21. In the instant case, the appellant during the trial called some boundary owners and witnesses who described the land. However, the complete boundaries of the land as stated in the Statement of Claim was not proven in evidence. Moreover, some of the descriptions given by the appellant’s witnesses were contradictory. In the Statement of Claim, the appellant averred that the land in dispute was at a place commonly known as ABENA DUKUU BEPOSO. PW1 said the land was at “cocoamu” near Nkokotoa. PW2 said the land was at Kwadwo Korankrom (i.e. between Tekese, Nkokotoa and Boadwo).
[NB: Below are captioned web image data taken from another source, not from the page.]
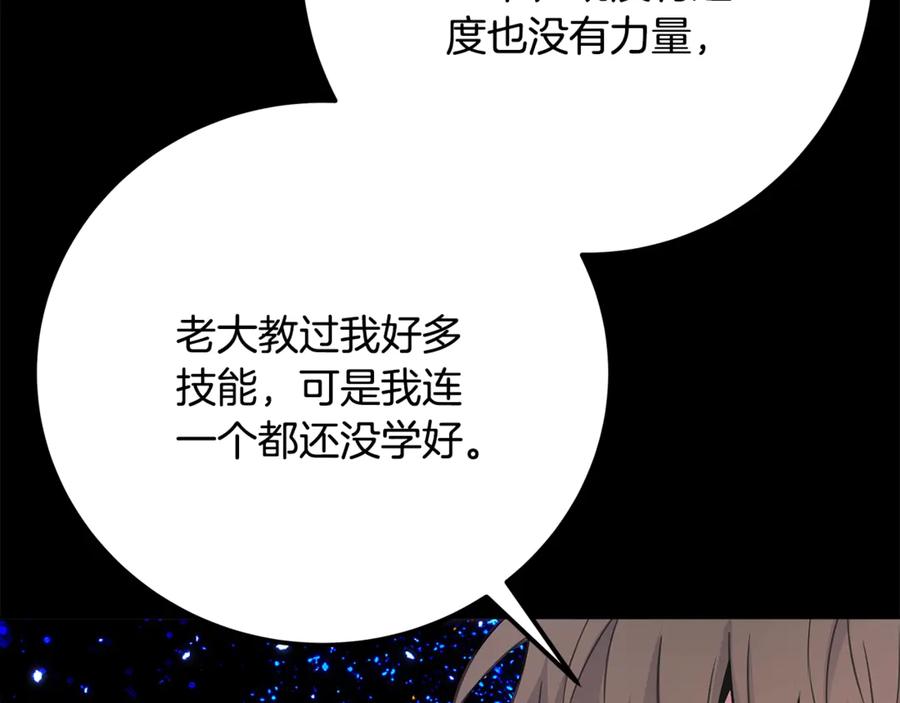 第215页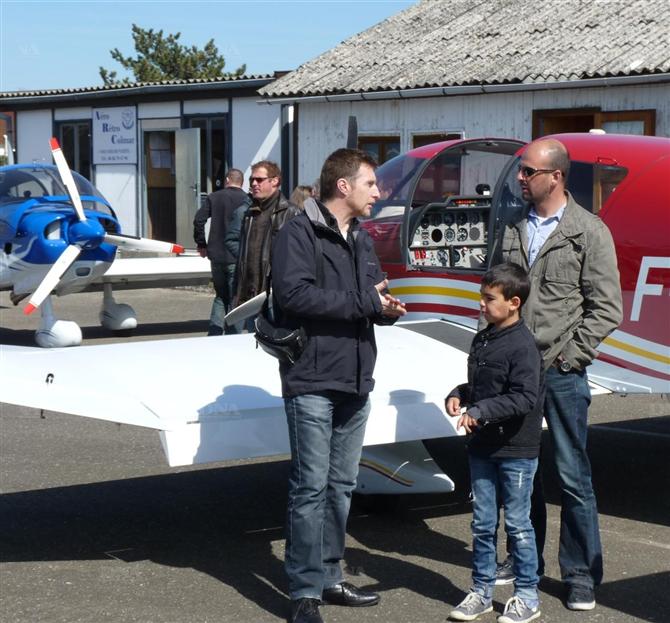 aeroclub_dna.jpg aeroclub_dna.jpg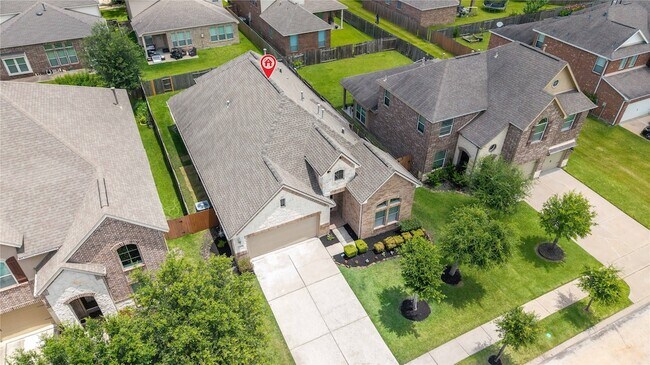Building Photo - 17314 Aldenwilds Ln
Only PW3 said the land was at Abena Duku Bepowso while PW4 said the land was at ”Akyeremuaakyi”. Furthermore, when the appellant was given the opportunity to show the boundaries of the land during the inspection of the locus in quo he could not show all the boundaries. The question therefore is if indeed the appellant had title to the land, what is the exact expanse or demarcation of land to which the court would grant a declaration of title? The evidence shows that the appellant could not prove on the balance of probabilities the exact size of the land in dispute nor its exact location. The court cannot and does not give judgment in vacuum. On the authority of AKOTO II VRS. KAVEGE cited supra The District court erred in granting a declaration of title to the appellant.

 

Whether or not the plaintiff / appellant had capacity to institute the action.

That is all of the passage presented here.